- [Dataset excerpts]
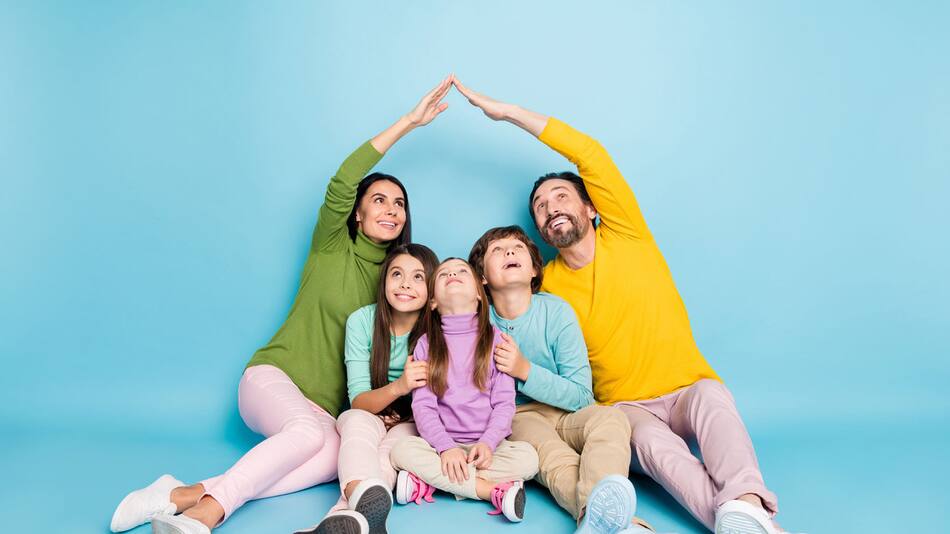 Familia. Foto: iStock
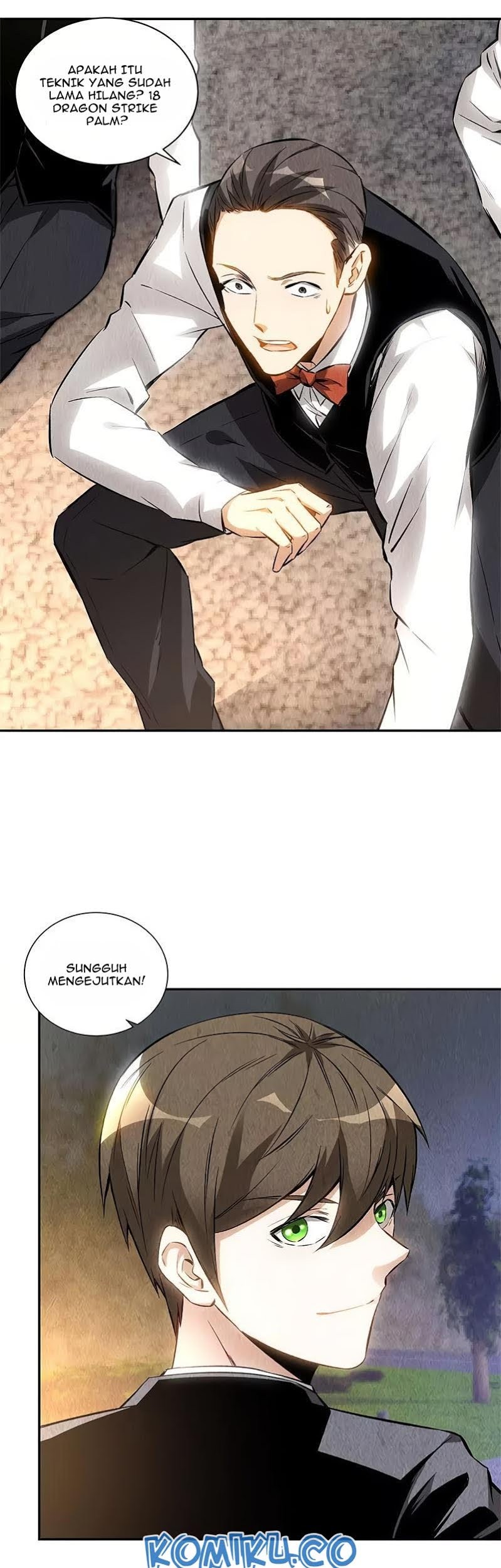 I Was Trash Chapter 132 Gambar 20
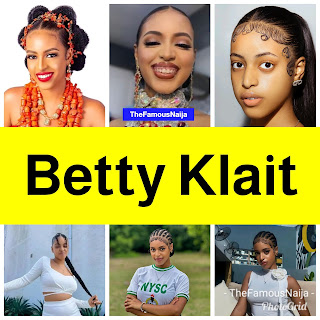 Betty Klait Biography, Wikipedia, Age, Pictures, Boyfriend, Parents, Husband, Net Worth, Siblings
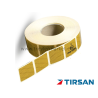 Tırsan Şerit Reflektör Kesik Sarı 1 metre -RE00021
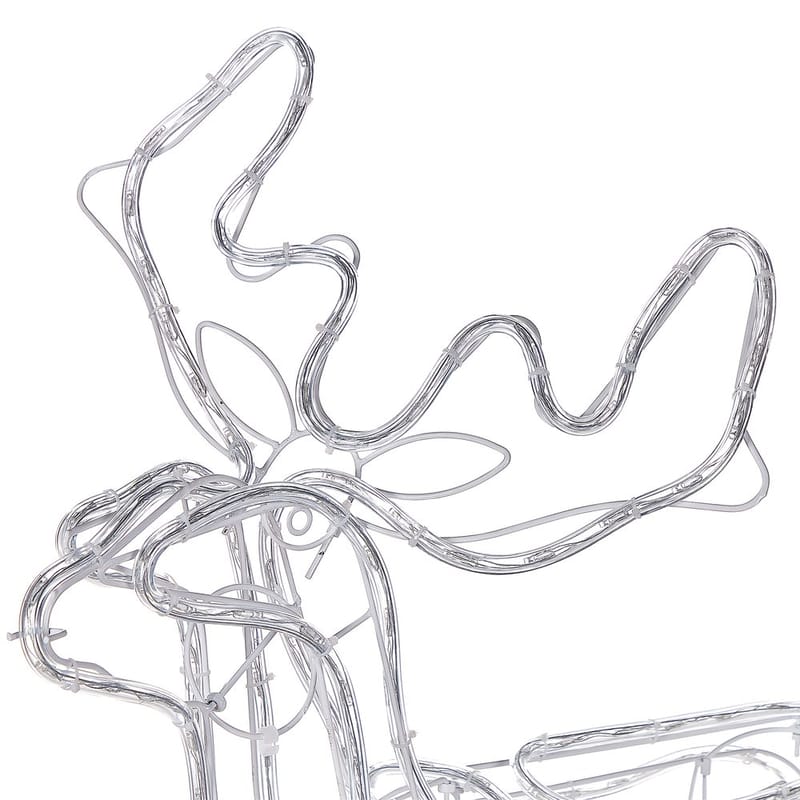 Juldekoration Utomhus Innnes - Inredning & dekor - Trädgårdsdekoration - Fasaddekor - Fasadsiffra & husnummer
* * *
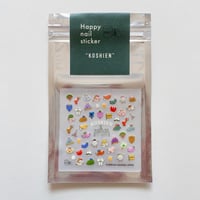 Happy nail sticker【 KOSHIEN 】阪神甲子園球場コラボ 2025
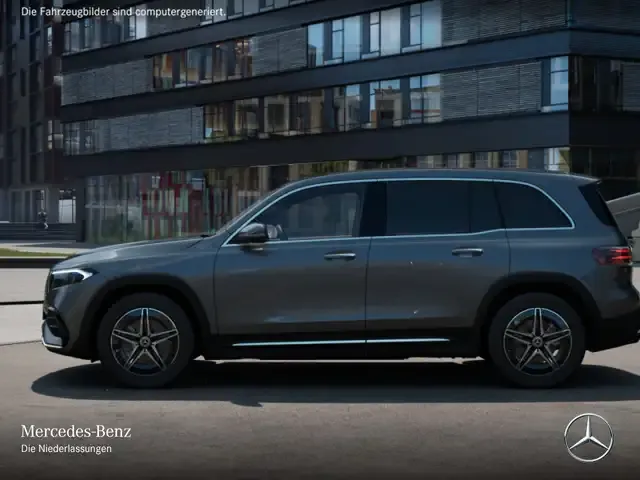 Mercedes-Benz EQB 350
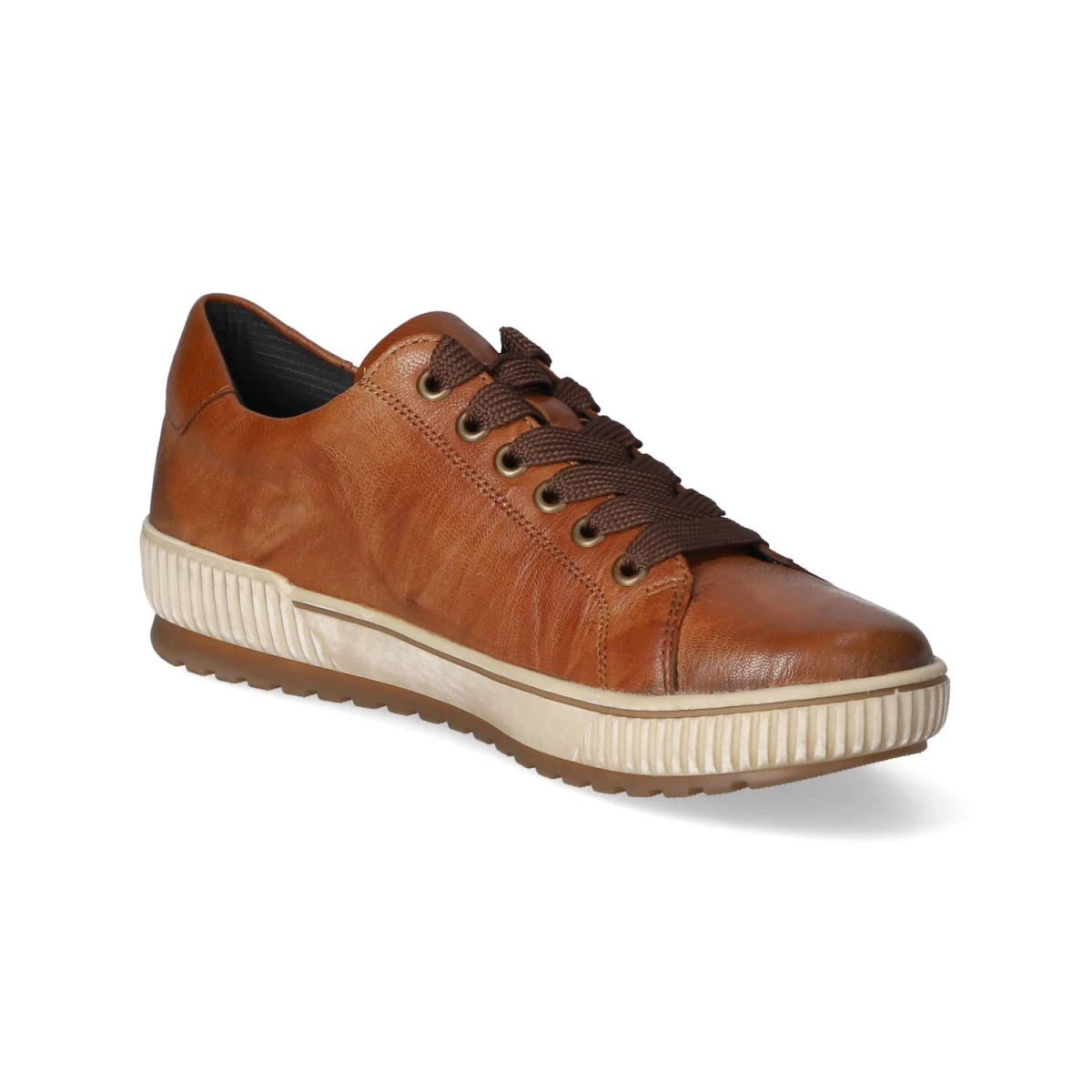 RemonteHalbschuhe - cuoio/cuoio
==
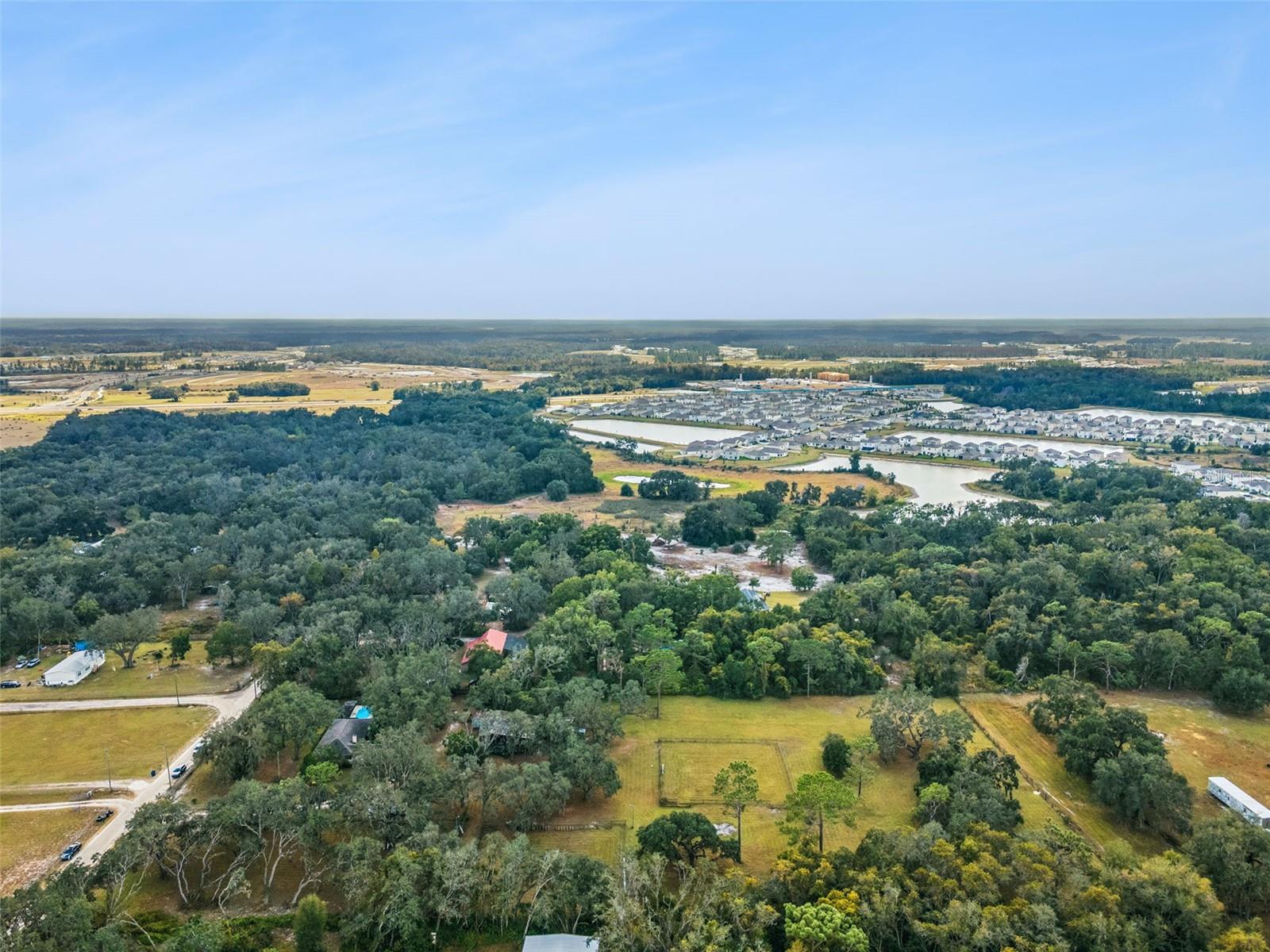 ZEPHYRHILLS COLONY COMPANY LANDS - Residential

- [What you need to do]
Only one stretch of the data is wanted: write out exactly the lines from the one holding "Familia. Foto: iStock" through the one holding "Juldekoration Utomhus Innnes", both included, without the pictures.

- [Answer space]
 Familia. Foto: iStock
 I Was Trash Chapter 132 Gambar 20
 Betty Klait Biography, Wikipedia, Age, Pictures, Boyfriend, Parents, Husband, Net Worth, Siblings
 Tırsan Şerit Reflektör Kesik Sarı 1 metre -RE00021
 Juldekoration Utomhus Innnes - Inredning & dekor - Trädgårdsdekoration - Fasaddekor - Fasadsiffra & husnummer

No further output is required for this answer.